Eine Leserin fragt:
Ich bin selten streng, aber Barbies kommen mir nicht ins Haus. Eine Puppe, die im echten Leben nicht mal stehen könnte! Meine Tochter (8) akzeptiert dieses Verbot, will aber nun immer öfter ein bestimmtes Mädchen aus ihrer Klasse besuchen, an dem sie eigentlich gar kein Interesse hat. Aber dieses Kind hat eben wirklich ALLES von Barbie. Was kann ich tun? Was meinen Sie? Dorothee W., 28, München
Drei Experten antworten:
Kirsten Boie: Bleiben Sie entspannt
Ihre Tochter ziehen lassen! Welchen Schaden sollte sie denn nehmen? Ihr Frauenbild wird ganz sicher stärker durch Sie geprägt als durch das Spielen mit einer Plastikpuppe. Zudem macht Ihre Tochter die Erfahrung: Mama mag selbst zwar keine Barbies; sie erklärt mir auch, warum sie die nicht mag und haben darf ich keine. Aber in meine Freundschaften mischt sie sich nicht ein. Ich bin überzeugt: Wenn Ihre Tochter eine Weile ihre bisher nicht befriedigte Barbie-Leidenschaft ausgetobt hat, wird sicher im Mittelpunkt ihrer Verabredungen bald wieder die Frage stehen, ob sie das Mädchen mag, mit dem sie spielt. Barbies allein reichen da auf die Dauer nicht aus. Und es ist doch großartig, dass Ihre Tochter - anstatt permanent wegen einer eigenen Barbie zu quengeln - nun diese Alternative gefunden hat! (Übrigens geht mit acht Jahren das Barbie-Kernalter schon bald zu Ende. Also einfach ganz entspannt bleiben!)

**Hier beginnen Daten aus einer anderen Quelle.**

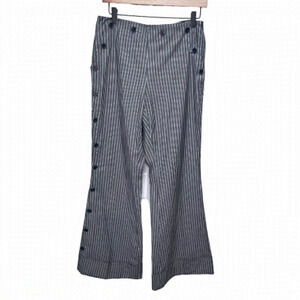 Vintage Faconnable Grey & White Pinstripe Button Pants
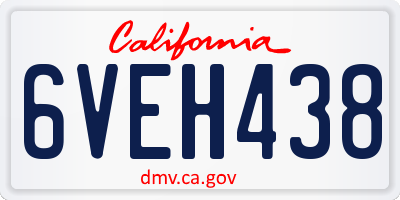 CA license plate 6VEH438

Kirsten Boie ist Schriftstellerin und Autorin von mehr als hundert Kinder- und Jugendbüchern, darunter die allseits bekannten und geliebten "Geschichten aus dem Möwenweg" oder die Abenteuer des kleinen "Ritter Trenk".
Jesper Juul: Ich bewundere Ihre Tochter
Sie unternehmen rein gar nichts. Warum sollten Sie auch? Ich akzeptiere vollkommen, dass Sie bei sich zu Hause klare Standards setzen. Genauso bewundere ich Ihre Tochter, dass sie sich ihren eigenen Weg zur Befriedigung ihrer Bedürfnisse sucht. Besser wird es nicht mit Ihnen beiden im Leben! In diesem Fall ist Ihr Erziehungsstandard ideologischer Natur und das Problem mit Ideologien ist einfach immer, dass sie alle Andersgläubigen ausschließen. Möglicherweise wird Ihre Tochter Ihnen in zwanzig Jahren recht geben hinsichtlich der Barbie-Puppen. Vielleicht auch nicht. Aber ist das wirklich wichtig?
Jesper Juul ist Familientherapeut in Dänemark und Autor zahlreicher internationaler Bestseller zum Thema Erziehung und Familie.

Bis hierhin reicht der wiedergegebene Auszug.